Плеве принимал необычайные меры для охраны своей личности. Он очень редко выезжал и то почти исключительно на Балтийский вокзал и оттуда по железной дороге в Царское Село с докладом к царю. Так было и 15 июня 1904 года, через год и 2 месяца после Кишинёвского погрома. Позади кареты, в которой ехал Плеве, по обеим сторонам её и впереди на различных расстояниях его сопровождали охранники на велосипедах, но это не помешало Сазонову бросить бомбу, которая превратила тело Плеве в груду костей и мяса.
Не меньше внимания останавливает на себе и другой вдохновитель погрома, Лопухин. Благодаря своим связям и недюжинным способностям, он быстро делал служебную карьеру и достиг поста прокурора Харьковской судебной палаты. Когда в 1902 году вспыхнуло восстание крестьян в Полтавской и Харьковской губерниях, и губернатор князь Оболенский безжалостно усмирял восставших, причём сёк их, не считаясь ни с возрастом, ни с полом, блюститель закона прокурор Лопухин не только одобрял действия Оболенского, но и поощрял его. И оба героя этой расправы были вознаграждены: Оболенский был назначен генерал-губернатором Финляндии, а Лопухина Плеве сделал своим помощником, назначив его директором департамента полиции. Лопухин вполне оправдал надежды Плеве. О беспристрастном «дознании» директора полиции, произведённом в Кишинёве, и о правительственных сообщениях, явившихся результатом этого дознания, мы уже говорили. Лопухин всячески препятствовал тому, чтобы общество получило правильное представление о Кишинёвском погроме. В этом отношении характерен следующий факт.
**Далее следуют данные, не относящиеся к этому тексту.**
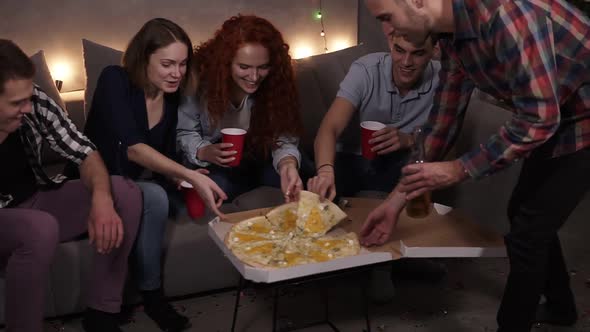 Diverse People Friends Got Together to Eat Pizza at Home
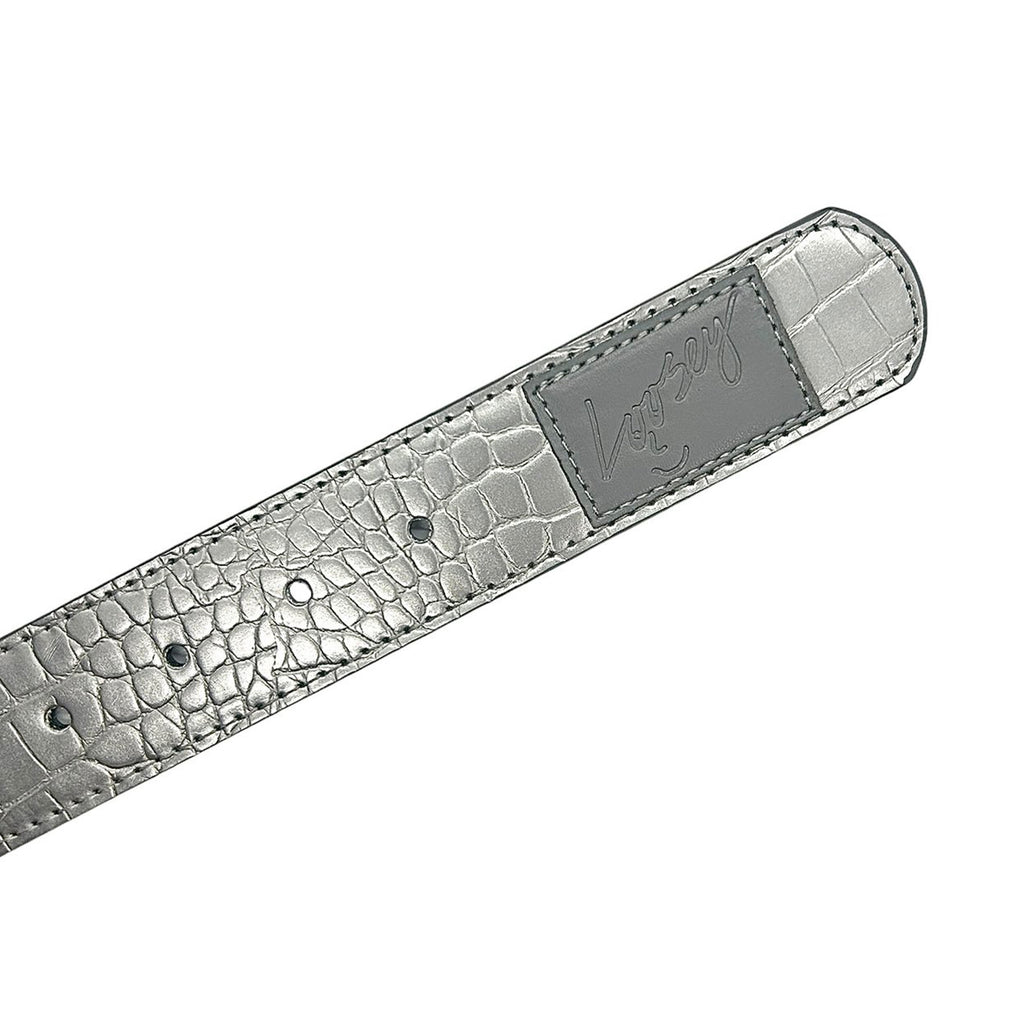 The LOOSEY CROC SKIN BELT SILVER by Loosey is a faux leather belt with a silver textured finish and a rectangular gold buckle adorned with engraved writing.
Известный еврейский общественный деятель барон Гинзбург пригласил присяжного поверенного Карабчевского, который участвовал в качестве адвоката в погромном процессе, сделать доклад о погроме в небольшом собрании, которое должно было состояться в доме барона. Когда об этом стало известно Лопухину, он призвал к себе Карабчевского и сначала в вежливой форме предложил ему отказаться от доклада; когда же Карабчевский категорически заявил, что не видит причин к отказу, то Лопухин сразу переменил тон и пригрозил Карабчевскому ссылкою. Заседание так и не состоялось (Карабчевский – «Что мои глаза видели», том 2-й).
Когда осенью 1905-го г. Витте стал премьер-министром и последовал знаменитый указ 17 октября, Лопухин был губернатором в Ревеле.
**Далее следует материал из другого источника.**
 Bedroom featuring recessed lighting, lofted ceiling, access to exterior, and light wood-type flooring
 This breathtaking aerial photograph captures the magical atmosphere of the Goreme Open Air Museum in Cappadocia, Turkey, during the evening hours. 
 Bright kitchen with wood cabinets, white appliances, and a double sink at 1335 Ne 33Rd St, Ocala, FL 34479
Думая, что уже бесповоротно утвердилась свобода в России, Лопухин счёл нужным проявлять отчаянный либерализм. Начальник Ревельского гарнизона донёс на него главнокомандующему гвардией и петербургского военного округа великому князю Николаю Николаевичу, который сообщил об этом царю. Последний, не разбирая дела, уволил Лопухина без прошения215
. Обиженный Лопухин явился к Витте и сообщил ему, что в подвальном этаже помещения департамента полиции имеется тайная типография, в которой печатаются провокаторские и погромные прокламации, и что эти листки рассылаются в громадном количестве по всей России. Лопухин, в сущности, донёс на самого себя, ибо типография эта возникла при нём.Витте проверил заявление Лопухина, которое оказалось правильным. Типографию закрыл и донёс об этом царю. Николай II принял это сообщение, по словам Витте, «без удивления и возмущения».
В отместку за «измену» против Лопухина было возбуждено уголовное обвинение в связи с деятельностью знаменитого провокатора Азефа.
Председателем суда был назначен сенатор Варварин, которого всегда назначали, когда нужно было подсудимого обязательно осудить. Лопухин был приговорен к каторге; потом приговор был смягчён, и он был сослан в Сибирь. Ирония судьбы: директор департамента полиции, по распоряжению которого сотни людей ссылались административным порядком в Сибирь, сам оказался там. Впоследствии Лопухин был помилован и возвратился в Москву, где пытался поступить в сословие адвокатуры. Но совет присяжных поверенных, ввиду его прежней деятельности в качестве директора департамента полиции, отказал ему в приёме. Тогда он поступил на службу в какой-то петербургский частный банк, а после большевистского переворота бежал в Париж, где и умер в марте 1928 года.